Before the coming of Jesus Christ into the world, very few had any true concept of life after death.   From the ancients in the east, who believed in reincarnation, to the American Indian who dreamed of a happy hunting ground, most of the concepts of future life were built on imagination and traditional lore.  Even those who knew about God had only a hazy concept of the hereafter.  The Jews themselves were divided on the subject, and the Saduccees did not believe in the resurrection at all.

So Jesus brought the only definitive hope man ever had.  Until He came, there
was no real hope and no real concept of where man came from, any meaning to his life or any expectation of life after death.   This gives new meaning to the next words of Jesus in the Sermon on the Mount:  “You are the salt of the earth”, and “You are the light of the world”.   For the first time, men would hear real hope proclaimed and a real purpose to their existence revealed.
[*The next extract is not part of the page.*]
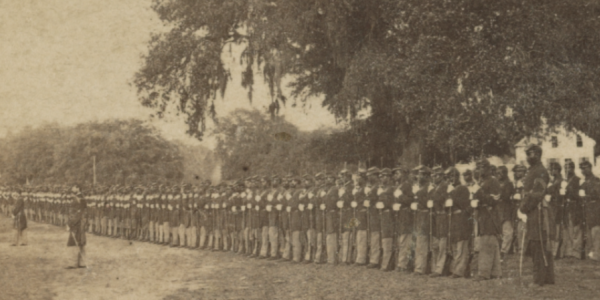 Civil 29th Regiment, Connecticut Volunteers, U.S. Colored Troops,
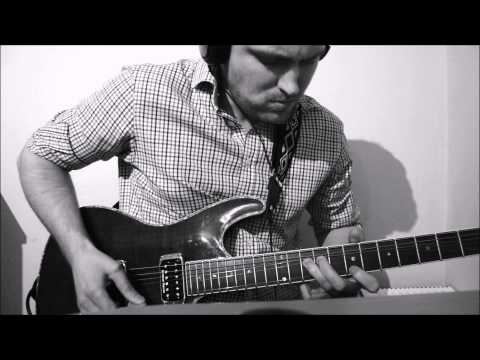 JTC Guitar Solo Contest  2015 - Bartłomiej Schroeder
Even though these words were spoken to His special Ambassadors, who were chosen to take the story to the world, they should also be taken seriously by everyone who claims Jesus as his Lord.  You may never preach a sermon from an official pulpit, nor make a missionary journey to some foreign land, but you are still a minister for Christ and a missionary in a world burdened by sin.

Note the way Jesus ended this admonition:  “Let your light shine before men, that they may see your good works, and glorify your Father in Heaven”.   Your commitment to Jesus Christ means a new life…a new set of standards to live by…a new attitude and responsibility to your fellowman. 

As we noted in the last essay, most people are not converted by formal sermons preached by professional preachers.  Over the years of my ministry, I have found that most of the really converted are people who have been influenced by the good life of some sincere Christian.  “Good works” do not necessarily mean some special work of charity.  It means acting in every situation with concern for the other person, and with kindness and gentleness of spirit.  It means honesty and uprightness in the ordinary activities of every day, and a pleasant demeanor that makes everyone feel safe and comfortable in your presence.  It is not what you do especially but what you are that affects people for good and glorifies your Maker.

Salt makes eating worthwhile for most people, and the salt of the earth makes living worthwhile, for it gives real meaning to life and hope for the future.  When there is a storm and the lights go out, we are crippled until they come back on.  So, the light of the world brightens the path and offers us a guide to make our lives not only happier, but with a peace that nothing else affords.  Those who belong to Christ have the awesome privilege of giving these things to those whom they touch along life’s road.

The great problem lies in the habit, that too many have, of “joining the church” and never letting it touch their daily life.  Those who confine their religion to the church building leave the light and the salt in the pew.  They, therefore, miss out on the great privilege of joining Jesus in bringing joy and peace to the world.  How wonderful it would be if every Christian allowed the Lord to be their companion every hour of the day, and always acted as He would direct.  The salt of the earth and light of the world would make the world around you a much happier and hopeful place to live.